Once you gorge on stuffing and the best pies in NYC, watch the Macy’s Thanksgiving Day parade and maybe even slog your way through a local turkey trot, there’s only one thing left on the Thanksgiving agenda: Black Friday. This year, why not skip the crowds and lines for something a little more fun? Round up your friends and family and try something on our list of the best things to do on Black Friday instead of shopping. Trust us—no discounts or deals can compare to the memories you’ll make.
RECOMMENDED: Full guide to Black Friday in NYC
The best things to do on Black Friday besides shopping
Most museums are open the day after Thanksgiving, and there’s no better choice for the whole family than the Met. There’s something for everyone: your dad the history buff, pretentious cousin who tells everyone she went to art school and little brother who just wants to see the mummies.
If you have littles in tow, opt for the family-friendly American Museum of Natural History. Jaws will drop when you enter the rotunda to discover the enormous Barosaurus skeleton replica, and that’s just the beginning. During the holiday season, the museum unveils a towering fir tree decorated with origami animals, and this year’s theme is dinosaurs.
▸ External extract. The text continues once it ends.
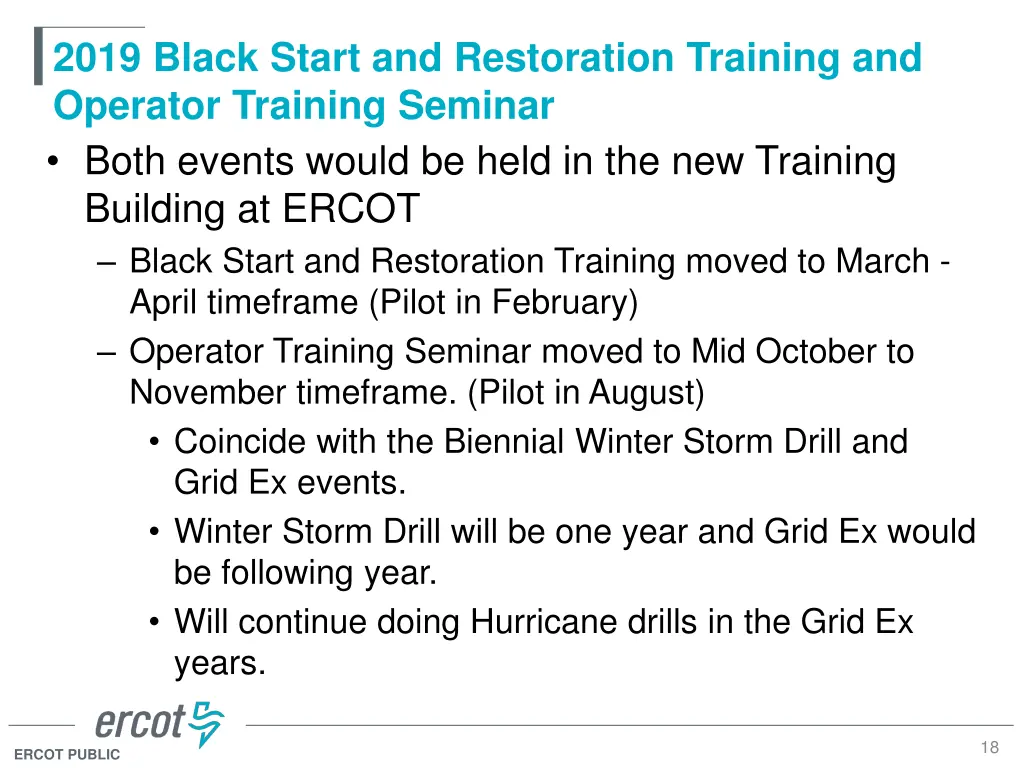 2019 black start and restoration training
Volunteers started folding the paper decorations in March!
Walk off that extra slice of pie on a guided 2.5-mile hike through the lush Blood Root Valley park on Staten Island. Greenbelt Nature Center educators will point out seasonal foliage and wildlife, and even show you the historic David LaTourette House that was constructed in 1836.
It’s not just for the little ones: the holiday train show at the New York Botanical Garden will delight kids of all ages. Watch model trains zip around miniature versions of the Statue of Liberty and Rockefeller Center made entirely out of natural materials. And since this is the show’s 25th year, you’ll see two brand new replicas: the Queensboro Bridge and the Coney Island fairground.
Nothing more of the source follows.